A Prospective Comparative Study Between Minimally Invasive Percutaneous Nephrolithotomy in Supine Position and Flexible Ureteroscopy in the Management of Single Large Stone in the Proximal Ureter
To investigate the difference and relative advantages between minimally invasive percutaneous nephrolithotomy (MPCNL) in supine position and flexible ureteroscopy (FURS) in the management of surgically indicated single large stone in the proximal ureter.
Patients with single large stone in the proximal ureter with slight to moderate hydronephrosis were prospectively selected and assigned into groups of MPCNL and FURS on the basis of the patient's choice. Demographic data, operative duration, postoperative hospital stay, complication rate, and stone-free rate were recorded and compared.
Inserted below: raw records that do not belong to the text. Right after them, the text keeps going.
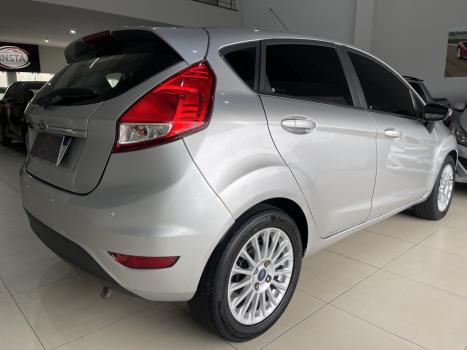 FORD Fiesta Hatch 1.6 16V 4P TITANIUM FLEX, Foto 4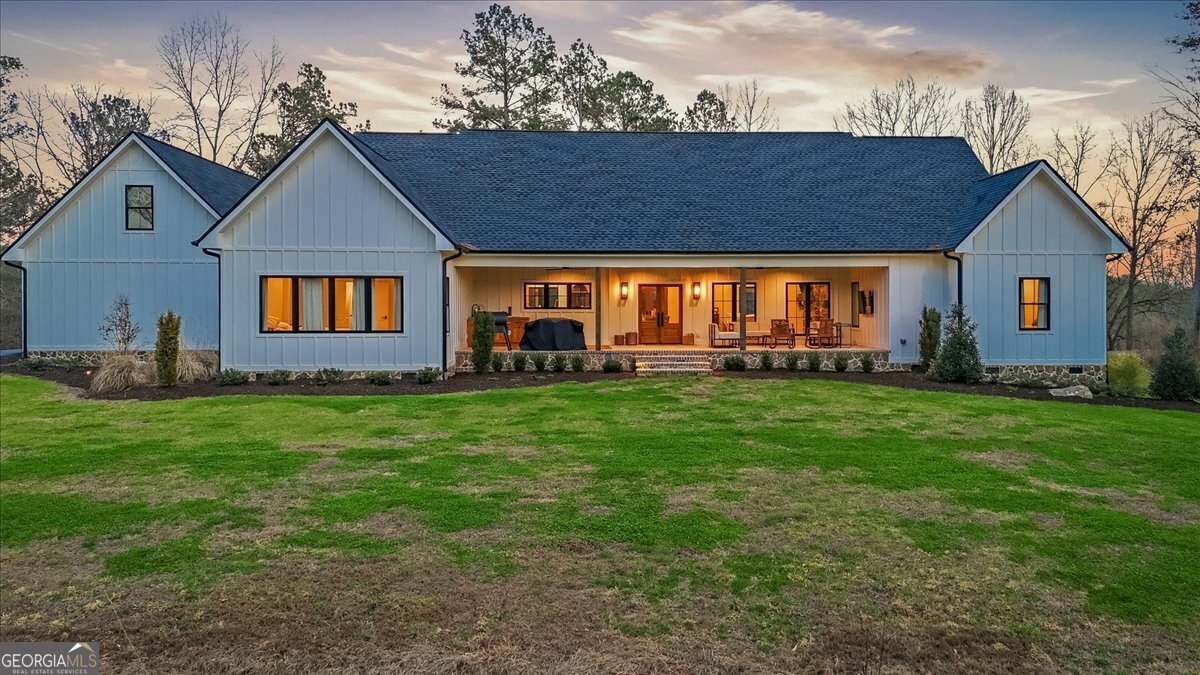 145 Moores Ferry DR SW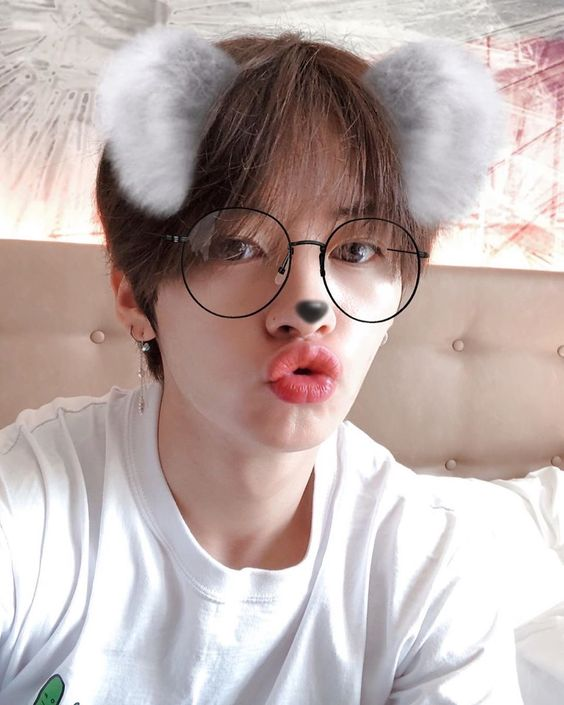  #LeeKnow went ⁿᵒᵒᵗ!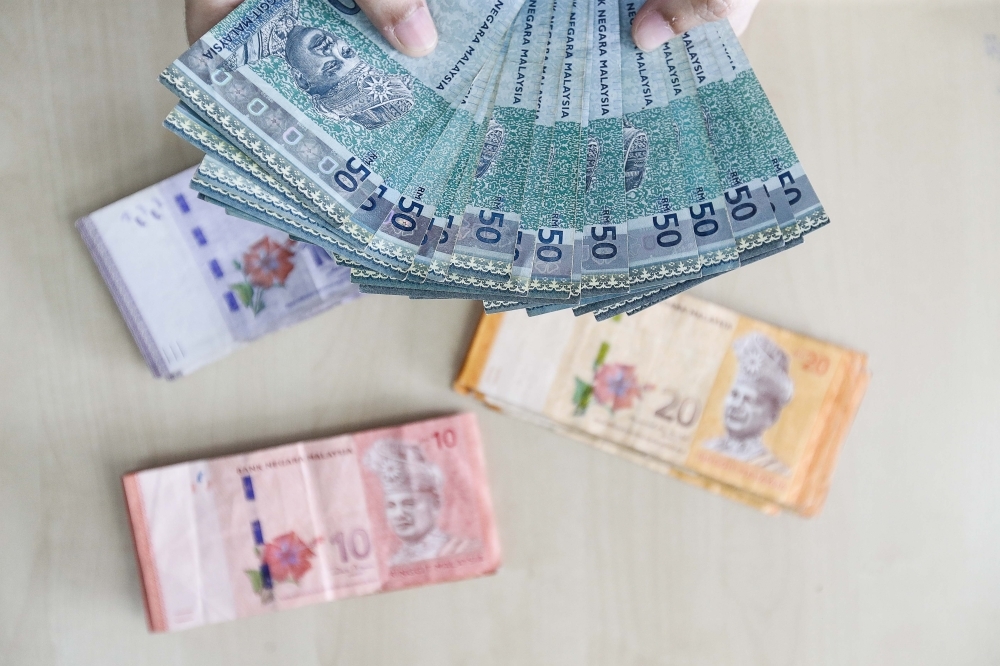 DOSM: Average Malaysian salary grew to RM3,332 in 2022, but disparity across sectors and skills persists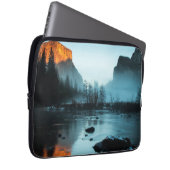 Misty Sunset in Yosemite Laptop Sleeve (Voorkant Rechts)
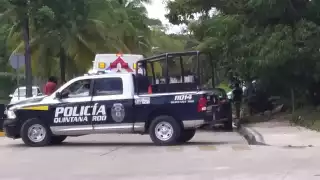 Conductor atropella a dos motociclistas e intenta huir en Chetumal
From October 2010 to May 2012, 76 such patients were consecutively included into the study. No significant difference was found in preoperative demographics, including age, sex, and severity of hydronephrosis. Stone size was 15.6 ± 2.5 and 14.9 ± 2.3 mm (P = .349), operative duration 49.3 ± 11.7 and 67.2 ± 17.3 minutes (P <.001), postoperative hospital stay 4.2 ± 1.1 and 1.8 ± 0.8 days (P <.001), stone-free rate (residual ≤3 mm) 93.7% and 84.1% (P = .198), and complication rate over grade II (modified Clavien system) 12.5% and 6.8% (P = .398) in MPCNL and FURS groups respectively.
Both MPCNL in supine position and FURS are effective and safe surgical options for patients with single large stone in the proximal ureter, when indicated. FURS is associated with faster recovery and less invasiveness than MPCNL in supine position.